TASK INPUTS START

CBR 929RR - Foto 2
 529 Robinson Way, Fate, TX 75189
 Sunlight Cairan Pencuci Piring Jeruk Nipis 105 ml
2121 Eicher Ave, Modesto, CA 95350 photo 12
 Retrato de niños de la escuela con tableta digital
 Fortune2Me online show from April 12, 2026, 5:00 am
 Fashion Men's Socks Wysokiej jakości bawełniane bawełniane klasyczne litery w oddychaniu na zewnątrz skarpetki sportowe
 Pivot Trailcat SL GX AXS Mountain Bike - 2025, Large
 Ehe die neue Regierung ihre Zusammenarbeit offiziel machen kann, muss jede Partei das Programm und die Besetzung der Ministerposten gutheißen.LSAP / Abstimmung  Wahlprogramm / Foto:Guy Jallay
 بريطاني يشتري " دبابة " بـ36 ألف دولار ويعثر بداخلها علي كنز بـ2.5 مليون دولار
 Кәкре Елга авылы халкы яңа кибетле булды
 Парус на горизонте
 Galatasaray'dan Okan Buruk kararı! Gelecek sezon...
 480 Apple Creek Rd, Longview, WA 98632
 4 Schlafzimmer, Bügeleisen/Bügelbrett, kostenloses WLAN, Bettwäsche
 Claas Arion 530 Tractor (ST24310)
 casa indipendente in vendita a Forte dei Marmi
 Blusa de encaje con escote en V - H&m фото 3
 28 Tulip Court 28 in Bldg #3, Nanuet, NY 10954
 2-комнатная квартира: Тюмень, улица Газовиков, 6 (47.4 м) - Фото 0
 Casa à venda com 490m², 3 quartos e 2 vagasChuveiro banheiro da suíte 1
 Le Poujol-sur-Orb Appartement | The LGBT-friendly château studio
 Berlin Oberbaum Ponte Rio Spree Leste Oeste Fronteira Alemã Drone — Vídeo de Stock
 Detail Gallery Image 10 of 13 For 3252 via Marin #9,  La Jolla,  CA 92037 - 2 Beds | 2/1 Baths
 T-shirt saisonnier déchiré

TASK INPUTS END

[EXERCISE INSTRUCTIONS]
Reproduce exactly the entries above, limited to the lines from the one with "Fashion Men's Socks" through the one with "Berlin Oberbaum Ponte", both included.

[FINAL ANSWER]
 Fashion Men's Socks Wysokiej jakości bawełniane bawełniane klasyczne litery w oddychaniu na zewnątrz skarpetki sportowe
 Pivot Trailcat SL GX AXS Mountain Bike - 2025, Large
 Ehe die neue Regierung ihre Zusammenarbeit offiziel machen kann, muss jede Partei das Programm und die Besetzung der Ministerposten gutheißen.LSAP / Abstimmung  Wahlprogramm / Foto:Guy Jallay
 بريطاني يشتري " دبابة " بـ36 ألف دولار ويعثر بداخلها علي كنز بـ2.5 مليون دولار
 Кәкре Елга авылы халкы яңа кибетле булды
 Парус на горизонте
 Galatasaray'dan Okan Buruk kararı! Gelecek sezon...
 480 Apple Creek Rd, Longview, WA 98632
 4 Schlafzimmer, Bügeleisen/Bügelbrett, kostenloses WLAN, Bettwäsche
 Claas Arion 530 Tractor (ST24310)
 casa indipendente in vendita a Forte dei Marmi
 Blusa de encaje con escote en V - H&m фото 3
 28 Tulip Court 28 in Bldg #3, Nanuet, NY 10954
 2-комнатная квартира: Тюмень, улица Газовиков, 6 (47.4 м) - Фото 0
 Casa à venda com 490m², 3 quartos e 2 vagasChuveiro banheiro da suíte 1
 Le Poujol-sur-Orb Appartement | The LGBT-friendly château studio
 Berlin Oberbaum Ponte Rio Spree Leste Oeste Fronteira Alemã Drone — Vídeo de Stock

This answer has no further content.